[Saved data entries]
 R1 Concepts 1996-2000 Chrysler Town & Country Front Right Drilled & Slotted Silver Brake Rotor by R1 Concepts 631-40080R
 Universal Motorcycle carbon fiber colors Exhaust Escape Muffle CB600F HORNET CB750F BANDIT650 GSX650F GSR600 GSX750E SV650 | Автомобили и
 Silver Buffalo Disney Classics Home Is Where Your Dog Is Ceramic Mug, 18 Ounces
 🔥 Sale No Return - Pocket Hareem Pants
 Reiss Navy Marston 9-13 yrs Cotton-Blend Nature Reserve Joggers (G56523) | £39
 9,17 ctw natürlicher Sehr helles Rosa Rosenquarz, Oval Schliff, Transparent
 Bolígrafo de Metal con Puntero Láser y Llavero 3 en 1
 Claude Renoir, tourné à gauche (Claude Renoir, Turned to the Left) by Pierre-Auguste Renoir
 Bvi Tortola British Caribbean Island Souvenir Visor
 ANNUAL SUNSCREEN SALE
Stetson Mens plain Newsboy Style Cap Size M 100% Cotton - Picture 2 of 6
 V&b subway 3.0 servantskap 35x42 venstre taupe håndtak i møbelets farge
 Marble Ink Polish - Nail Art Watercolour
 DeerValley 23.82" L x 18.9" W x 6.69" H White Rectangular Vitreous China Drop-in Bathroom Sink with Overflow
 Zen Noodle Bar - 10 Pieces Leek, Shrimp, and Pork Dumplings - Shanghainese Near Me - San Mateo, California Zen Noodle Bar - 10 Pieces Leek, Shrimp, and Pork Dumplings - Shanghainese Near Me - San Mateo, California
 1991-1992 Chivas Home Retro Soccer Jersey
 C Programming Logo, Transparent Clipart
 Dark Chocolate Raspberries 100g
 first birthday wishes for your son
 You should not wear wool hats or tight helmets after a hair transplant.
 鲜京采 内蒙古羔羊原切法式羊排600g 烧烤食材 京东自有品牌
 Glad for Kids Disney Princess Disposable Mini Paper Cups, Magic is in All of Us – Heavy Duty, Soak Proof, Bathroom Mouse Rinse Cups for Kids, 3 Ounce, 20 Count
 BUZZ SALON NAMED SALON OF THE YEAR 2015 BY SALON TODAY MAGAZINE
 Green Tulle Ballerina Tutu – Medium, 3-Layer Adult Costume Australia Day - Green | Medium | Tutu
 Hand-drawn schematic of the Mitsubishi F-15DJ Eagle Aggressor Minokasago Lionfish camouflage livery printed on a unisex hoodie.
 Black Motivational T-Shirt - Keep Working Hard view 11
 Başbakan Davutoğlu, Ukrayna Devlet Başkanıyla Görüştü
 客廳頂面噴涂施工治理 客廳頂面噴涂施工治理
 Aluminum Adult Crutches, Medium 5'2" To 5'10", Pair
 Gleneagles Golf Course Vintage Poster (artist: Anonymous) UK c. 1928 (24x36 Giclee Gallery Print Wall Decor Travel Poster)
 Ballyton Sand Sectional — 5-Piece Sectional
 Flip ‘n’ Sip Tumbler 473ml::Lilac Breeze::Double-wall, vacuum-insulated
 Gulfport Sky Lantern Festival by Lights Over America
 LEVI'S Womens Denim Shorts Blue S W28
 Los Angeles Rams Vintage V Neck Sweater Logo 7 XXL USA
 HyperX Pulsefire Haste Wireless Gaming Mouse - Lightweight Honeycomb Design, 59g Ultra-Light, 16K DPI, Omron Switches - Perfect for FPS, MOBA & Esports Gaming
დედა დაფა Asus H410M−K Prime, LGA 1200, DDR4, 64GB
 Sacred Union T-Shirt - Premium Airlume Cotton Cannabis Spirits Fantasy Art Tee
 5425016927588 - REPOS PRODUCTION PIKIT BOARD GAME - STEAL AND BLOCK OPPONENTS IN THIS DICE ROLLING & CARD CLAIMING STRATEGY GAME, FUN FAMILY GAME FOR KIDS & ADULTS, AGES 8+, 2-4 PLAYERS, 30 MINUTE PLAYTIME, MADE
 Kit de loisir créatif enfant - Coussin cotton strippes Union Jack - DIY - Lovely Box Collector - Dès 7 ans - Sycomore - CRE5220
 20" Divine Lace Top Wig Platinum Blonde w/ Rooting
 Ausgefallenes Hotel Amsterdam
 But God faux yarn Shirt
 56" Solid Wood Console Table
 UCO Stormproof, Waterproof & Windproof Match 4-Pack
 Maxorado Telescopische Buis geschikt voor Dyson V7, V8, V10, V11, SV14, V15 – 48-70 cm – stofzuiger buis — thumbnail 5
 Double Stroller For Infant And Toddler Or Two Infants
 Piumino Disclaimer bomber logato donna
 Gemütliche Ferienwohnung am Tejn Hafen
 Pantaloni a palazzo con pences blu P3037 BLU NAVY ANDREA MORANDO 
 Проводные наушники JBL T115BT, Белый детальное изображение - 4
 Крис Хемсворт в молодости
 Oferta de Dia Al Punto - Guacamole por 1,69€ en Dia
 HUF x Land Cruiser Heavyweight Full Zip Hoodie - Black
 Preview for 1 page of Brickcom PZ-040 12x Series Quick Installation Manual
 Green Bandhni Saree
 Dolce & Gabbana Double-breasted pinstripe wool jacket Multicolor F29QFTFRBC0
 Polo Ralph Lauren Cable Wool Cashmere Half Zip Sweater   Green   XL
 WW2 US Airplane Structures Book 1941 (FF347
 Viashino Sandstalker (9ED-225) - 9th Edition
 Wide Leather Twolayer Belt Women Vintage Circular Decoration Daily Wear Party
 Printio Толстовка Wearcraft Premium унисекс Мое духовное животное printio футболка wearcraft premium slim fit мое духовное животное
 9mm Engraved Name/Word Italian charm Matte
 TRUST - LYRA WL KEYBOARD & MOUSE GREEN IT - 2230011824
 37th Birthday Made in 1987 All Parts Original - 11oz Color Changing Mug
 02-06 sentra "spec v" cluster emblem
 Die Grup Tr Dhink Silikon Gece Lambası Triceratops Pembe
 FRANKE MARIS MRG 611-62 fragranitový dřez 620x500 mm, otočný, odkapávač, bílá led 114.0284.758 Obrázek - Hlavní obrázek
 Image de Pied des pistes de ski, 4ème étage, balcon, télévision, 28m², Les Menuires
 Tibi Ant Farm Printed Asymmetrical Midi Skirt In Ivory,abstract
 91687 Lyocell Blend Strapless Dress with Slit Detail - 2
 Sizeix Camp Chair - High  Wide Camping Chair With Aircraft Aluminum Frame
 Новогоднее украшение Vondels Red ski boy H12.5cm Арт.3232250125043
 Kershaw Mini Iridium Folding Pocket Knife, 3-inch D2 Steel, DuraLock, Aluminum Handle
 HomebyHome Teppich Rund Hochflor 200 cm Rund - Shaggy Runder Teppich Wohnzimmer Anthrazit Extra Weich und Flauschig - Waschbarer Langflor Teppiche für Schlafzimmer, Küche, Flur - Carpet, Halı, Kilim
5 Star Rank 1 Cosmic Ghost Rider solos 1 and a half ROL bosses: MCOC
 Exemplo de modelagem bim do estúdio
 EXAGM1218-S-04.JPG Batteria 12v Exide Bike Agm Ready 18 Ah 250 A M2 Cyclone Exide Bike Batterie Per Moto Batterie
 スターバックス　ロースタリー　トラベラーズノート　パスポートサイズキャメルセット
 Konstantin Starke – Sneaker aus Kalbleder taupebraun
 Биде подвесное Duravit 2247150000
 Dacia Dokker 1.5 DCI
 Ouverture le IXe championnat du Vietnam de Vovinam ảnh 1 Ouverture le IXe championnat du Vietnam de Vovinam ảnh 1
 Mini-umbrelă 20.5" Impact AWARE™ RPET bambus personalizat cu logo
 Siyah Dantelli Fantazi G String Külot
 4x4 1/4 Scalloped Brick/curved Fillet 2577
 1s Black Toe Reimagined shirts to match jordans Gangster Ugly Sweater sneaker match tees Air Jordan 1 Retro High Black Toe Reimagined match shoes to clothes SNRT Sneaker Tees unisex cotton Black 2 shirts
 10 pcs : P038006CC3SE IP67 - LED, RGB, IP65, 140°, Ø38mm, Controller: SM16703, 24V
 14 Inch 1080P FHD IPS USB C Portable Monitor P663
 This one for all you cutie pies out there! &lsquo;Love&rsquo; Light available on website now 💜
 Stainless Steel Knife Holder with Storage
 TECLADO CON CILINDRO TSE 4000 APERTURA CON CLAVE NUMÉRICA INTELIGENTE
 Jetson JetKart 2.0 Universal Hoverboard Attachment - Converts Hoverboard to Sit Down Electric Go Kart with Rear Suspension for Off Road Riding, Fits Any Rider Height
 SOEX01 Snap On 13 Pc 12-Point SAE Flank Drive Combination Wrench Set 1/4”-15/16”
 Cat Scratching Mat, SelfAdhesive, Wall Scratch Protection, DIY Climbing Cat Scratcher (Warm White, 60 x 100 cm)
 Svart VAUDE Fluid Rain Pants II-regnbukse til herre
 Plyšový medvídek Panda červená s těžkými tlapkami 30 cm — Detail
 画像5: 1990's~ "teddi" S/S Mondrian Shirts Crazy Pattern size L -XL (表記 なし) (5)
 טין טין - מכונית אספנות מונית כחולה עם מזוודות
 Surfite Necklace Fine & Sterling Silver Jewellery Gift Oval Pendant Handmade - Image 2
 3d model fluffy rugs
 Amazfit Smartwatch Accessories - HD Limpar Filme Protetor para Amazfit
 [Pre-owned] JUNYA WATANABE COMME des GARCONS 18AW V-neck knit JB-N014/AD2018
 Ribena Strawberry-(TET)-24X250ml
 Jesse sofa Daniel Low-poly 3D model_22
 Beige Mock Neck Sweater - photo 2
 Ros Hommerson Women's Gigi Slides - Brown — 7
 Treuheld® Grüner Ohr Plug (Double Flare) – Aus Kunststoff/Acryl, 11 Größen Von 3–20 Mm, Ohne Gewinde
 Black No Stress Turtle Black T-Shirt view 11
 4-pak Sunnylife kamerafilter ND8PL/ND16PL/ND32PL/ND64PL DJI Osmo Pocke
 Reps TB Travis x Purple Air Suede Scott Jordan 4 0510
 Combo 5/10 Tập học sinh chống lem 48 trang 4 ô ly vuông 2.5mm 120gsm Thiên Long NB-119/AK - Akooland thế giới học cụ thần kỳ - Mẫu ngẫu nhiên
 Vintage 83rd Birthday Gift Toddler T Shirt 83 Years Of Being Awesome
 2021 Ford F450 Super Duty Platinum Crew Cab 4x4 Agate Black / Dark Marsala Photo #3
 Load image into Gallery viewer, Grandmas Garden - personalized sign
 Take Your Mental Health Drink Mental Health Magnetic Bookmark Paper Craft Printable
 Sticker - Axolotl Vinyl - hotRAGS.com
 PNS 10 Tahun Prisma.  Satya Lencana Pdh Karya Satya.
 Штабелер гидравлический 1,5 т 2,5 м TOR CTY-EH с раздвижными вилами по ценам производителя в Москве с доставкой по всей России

Task goal
Look above for the line holding "Printio Толстовка Wearcraft" and the line holding "Die Grup Tr", then output exactly those two lines and every line between them, nothing more.

Solution for this problem
 Printio Толстовка Wearcraft Premium унисекс Мое духовное животное printio футболка wearcraft premium slim fit мое духовное животное
 9mm Engraved Name/Word Italian charm Matte
 TRUST - LYRA WL KEYBOARD & MOUSE GREEN IT - 2230011824
 37th Birthday Made in 1987 All Parts Original - 11oz Color Changing Mug
 02-06 sentra "spec v" cluster emblem
 Die Grup Tr Dhink Silikon Gece Lambası Triceratops Pembe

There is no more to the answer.